● **WHAT IS REQUIRED**:
Starting from the line that holds "Figure 1 From", print each remaining line of the entries exactly, ending with the last.

>>>

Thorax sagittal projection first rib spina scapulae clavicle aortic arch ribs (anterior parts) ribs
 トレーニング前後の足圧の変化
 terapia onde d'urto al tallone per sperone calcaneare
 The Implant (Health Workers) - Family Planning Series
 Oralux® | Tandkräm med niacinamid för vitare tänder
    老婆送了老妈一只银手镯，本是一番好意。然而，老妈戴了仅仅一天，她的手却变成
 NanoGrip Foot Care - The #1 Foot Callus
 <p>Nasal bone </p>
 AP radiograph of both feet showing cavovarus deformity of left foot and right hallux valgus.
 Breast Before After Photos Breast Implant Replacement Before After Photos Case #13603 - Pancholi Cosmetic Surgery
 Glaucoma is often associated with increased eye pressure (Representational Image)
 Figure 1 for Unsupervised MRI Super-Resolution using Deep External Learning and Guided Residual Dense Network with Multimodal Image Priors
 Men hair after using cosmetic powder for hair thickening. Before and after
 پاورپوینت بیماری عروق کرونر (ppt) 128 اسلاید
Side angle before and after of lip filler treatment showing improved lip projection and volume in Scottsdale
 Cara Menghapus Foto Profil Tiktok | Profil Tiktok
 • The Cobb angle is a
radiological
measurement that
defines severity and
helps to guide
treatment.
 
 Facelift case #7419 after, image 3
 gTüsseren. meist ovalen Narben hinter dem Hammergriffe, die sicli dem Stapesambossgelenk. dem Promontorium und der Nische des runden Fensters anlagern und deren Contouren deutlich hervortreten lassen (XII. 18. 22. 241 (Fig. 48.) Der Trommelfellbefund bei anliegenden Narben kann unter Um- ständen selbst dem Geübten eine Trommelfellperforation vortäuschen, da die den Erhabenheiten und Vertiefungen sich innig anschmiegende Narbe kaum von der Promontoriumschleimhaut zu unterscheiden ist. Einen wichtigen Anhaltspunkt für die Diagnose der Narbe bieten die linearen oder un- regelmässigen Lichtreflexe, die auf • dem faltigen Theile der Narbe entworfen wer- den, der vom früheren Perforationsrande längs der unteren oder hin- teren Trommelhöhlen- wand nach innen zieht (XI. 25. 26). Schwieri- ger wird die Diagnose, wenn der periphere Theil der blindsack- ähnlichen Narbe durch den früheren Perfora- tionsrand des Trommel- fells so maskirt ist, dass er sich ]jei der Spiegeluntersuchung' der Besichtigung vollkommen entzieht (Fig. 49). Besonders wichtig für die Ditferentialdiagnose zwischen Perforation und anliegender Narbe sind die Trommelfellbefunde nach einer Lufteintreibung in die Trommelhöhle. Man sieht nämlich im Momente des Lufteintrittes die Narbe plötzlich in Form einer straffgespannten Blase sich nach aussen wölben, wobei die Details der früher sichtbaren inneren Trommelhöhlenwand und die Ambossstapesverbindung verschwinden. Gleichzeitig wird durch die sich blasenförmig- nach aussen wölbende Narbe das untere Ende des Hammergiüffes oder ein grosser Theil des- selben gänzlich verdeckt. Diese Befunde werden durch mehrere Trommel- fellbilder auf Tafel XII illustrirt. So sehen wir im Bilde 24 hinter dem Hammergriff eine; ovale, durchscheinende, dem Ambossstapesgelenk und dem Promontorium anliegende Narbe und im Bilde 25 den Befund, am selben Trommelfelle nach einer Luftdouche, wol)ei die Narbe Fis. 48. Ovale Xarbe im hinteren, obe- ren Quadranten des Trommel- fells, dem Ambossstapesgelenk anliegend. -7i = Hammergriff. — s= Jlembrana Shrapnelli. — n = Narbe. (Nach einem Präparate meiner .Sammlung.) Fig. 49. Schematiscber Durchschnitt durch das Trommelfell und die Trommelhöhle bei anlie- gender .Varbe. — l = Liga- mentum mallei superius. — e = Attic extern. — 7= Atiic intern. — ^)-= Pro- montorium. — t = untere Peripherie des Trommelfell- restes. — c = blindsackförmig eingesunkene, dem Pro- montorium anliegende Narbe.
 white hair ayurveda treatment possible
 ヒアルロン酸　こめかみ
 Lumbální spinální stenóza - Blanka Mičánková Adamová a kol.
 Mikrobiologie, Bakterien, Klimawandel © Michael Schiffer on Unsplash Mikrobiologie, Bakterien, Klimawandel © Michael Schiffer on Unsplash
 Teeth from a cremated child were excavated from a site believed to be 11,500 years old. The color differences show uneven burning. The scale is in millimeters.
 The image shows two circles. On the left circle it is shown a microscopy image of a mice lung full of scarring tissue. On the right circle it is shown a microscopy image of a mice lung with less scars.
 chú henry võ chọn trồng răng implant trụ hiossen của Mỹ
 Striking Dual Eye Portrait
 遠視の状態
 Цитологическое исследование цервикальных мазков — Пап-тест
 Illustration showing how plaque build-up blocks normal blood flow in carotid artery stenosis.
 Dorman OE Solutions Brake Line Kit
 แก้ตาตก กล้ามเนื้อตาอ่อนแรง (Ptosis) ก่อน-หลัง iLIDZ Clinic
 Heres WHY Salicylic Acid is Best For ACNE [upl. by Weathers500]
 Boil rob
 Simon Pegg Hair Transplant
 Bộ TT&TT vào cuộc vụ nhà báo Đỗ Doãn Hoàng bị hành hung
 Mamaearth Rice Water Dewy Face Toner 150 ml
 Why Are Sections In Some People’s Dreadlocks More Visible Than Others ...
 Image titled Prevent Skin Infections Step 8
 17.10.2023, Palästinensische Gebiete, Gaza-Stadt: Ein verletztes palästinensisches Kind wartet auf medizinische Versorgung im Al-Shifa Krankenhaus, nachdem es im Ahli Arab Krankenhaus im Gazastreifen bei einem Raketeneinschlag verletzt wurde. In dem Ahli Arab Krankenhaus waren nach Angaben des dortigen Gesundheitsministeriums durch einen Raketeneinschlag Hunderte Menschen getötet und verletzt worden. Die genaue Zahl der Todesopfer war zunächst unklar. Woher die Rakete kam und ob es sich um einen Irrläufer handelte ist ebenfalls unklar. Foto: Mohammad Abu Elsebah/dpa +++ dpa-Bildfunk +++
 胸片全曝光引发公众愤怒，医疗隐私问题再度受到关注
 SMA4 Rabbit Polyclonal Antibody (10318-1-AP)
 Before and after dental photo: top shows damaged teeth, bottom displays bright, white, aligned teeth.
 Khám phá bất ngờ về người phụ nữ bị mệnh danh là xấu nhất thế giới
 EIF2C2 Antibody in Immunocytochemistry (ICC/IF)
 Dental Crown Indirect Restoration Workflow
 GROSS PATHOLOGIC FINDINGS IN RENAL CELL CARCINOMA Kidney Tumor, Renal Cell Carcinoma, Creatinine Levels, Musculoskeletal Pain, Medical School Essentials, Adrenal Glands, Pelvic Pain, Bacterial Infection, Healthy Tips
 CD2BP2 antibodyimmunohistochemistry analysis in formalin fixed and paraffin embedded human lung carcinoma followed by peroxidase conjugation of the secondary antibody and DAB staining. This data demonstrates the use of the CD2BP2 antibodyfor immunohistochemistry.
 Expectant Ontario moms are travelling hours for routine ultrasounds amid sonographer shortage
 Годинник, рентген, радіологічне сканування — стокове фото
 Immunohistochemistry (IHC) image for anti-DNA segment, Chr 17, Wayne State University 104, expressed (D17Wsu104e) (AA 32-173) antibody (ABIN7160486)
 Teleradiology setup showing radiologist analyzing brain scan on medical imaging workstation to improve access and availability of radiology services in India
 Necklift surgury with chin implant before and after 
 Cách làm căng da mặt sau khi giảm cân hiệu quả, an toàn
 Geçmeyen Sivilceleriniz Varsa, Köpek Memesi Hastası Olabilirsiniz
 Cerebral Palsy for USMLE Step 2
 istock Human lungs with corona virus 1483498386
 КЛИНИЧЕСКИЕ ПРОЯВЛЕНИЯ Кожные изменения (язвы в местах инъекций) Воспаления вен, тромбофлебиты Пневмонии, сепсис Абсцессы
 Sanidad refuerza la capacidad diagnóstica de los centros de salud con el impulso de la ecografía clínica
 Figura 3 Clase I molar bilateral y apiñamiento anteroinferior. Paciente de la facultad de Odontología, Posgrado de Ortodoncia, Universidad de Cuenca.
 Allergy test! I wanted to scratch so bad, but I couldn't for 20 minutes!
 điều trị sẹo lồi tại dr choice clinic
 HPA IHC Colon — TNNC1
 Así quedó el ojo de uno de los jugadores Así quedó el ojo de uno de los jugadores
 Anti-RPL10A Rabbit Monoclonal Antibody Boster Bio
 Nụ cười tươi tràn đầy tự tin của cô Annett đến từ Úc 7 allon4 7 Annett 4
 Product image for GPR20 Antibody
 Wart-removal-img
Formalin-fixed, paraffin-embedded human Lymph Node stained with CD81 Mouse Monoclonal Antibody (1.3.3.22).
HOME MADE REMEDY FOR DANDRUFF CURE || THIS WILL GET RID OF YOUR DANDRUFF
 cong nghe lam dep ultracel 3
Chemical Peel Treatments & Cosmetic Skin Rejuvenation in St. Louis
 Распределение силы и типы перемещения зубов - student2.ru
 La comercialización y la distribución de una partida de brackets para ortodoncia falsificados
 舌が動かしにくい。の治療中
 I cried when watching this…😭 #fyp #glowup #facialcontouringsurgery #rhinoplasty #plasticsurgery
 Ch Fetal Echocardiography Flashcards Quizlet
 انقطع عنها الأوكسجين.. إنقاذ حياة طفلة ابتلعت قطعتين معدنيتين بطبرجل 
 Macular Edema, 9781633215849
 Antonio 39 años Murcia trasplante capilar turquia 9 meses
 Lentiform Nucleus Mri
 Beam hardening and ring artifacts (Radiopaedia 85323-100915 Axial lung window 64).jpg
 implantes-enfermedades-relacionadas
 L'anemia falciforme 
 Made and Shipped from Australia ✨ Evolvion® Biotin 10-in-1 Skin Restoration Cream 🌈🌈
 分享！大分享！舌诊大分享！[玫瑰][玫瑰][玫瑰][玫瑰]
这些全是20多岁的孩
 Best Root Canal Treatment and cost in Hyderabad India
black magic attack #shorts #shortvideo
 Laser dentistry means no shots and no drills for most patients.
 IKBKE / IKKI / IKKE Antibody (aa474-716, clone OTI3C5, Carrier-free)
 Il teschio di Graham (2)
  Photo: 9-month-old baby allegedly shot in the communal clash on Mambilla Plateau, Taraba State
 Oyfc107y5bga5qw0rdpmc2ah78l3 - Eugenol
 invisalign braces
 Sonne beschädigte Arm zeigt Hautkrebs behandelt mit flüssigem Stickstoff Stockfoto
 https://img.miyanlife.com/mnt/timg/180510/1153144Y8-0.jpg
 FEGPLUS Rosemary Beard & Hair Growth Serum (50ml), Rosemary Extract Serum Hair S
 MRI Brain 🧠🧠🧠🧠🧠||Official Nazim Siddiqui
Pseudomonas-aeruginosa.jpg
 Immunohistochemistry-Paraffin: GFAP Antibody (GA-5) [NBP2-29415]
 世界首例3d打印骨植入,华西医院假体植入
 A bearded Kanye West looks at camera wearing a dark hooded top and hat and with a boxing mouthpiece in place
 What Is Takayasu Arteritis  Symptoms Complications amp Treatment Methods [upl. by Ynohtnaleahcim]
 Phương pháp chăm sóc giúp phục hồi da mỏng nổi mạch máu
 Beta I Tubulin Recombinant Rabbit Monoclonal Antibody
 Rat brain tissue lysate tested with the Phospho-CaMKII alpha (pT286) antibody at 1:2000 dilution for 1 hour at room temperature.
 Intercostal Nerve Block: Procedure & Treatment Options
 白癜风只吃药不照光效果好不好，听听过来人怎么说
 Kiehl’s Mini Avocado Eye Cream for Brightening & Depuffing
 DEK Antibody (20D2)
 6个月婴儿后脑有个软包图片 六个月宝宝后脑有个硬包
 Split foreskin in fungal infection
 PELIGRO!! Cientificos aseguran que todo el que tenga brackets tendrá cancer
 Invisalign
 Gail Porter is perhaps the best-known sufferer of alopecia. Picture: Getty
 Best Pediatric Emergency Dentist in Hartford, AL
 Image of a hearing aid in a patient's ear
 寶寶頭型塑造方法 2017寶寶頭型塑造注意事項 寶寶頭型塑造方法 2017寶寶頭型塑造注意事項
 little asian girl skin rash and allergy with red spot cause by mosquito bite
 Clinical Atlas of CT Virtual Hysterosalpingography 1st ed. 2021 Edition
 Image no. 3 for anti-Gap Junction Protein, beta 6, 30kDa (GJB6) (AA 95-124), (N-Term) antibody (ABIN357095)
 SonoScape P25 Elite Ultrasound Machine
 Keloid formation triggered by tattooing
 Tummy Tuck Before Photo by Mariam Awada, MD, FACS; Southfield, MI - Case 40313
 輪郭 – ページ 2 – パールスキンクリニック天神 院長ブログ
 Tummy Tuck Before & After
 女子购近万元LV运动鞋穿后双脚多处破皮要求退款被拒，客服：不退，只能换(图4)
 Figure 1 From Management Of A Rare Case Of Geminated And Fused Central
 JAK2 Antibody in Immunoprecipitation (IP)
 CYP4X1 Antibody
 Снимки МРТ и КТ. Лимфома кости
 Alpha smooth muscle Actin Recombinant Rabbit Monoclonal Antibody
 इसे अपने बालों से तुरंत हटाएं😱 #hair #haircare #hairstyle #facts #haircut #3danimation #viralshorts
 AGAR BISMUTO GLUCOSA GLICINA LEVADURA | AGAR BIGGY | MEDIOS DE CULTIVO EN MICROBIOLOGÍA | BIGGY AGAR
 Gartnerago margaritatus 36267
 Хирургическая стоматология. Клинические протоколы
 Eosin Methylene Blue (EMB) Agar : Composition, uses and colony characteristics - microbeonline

<<<

● **EXERCISE SOLUTION**:
 Figure 1 From Management Of A Rare Case Of Geminated And Fused Central
 JAK2 Antibody in Immunoprecipitation (IP)
 CYP4X1 Antibody
 Снимки МРТ и КТ. Лимфома кости
 Alpha smooth muscle Actin Recombinant Rabbit Monoclonal Antibody
 इसे अपने बालों से तुरंत हटाएं😱 #hair #haircare #hairstyle #facts #haircut #3danimation #viralshorts
 AGAR BISMUTO GLUCOSA GLICINA LEVADURA | AGAR BIGGY | MEDIOS DE CULTIVO EN MICROBIOLOGÍA | BIGGY AGAR
 Gartnerago margaritatus 36267
 Хирургическая стоматология. Клинические протоколы
 Eosin Methylene Blue (EMB) Agar : Composition, uses and colony characteristics - microbeonline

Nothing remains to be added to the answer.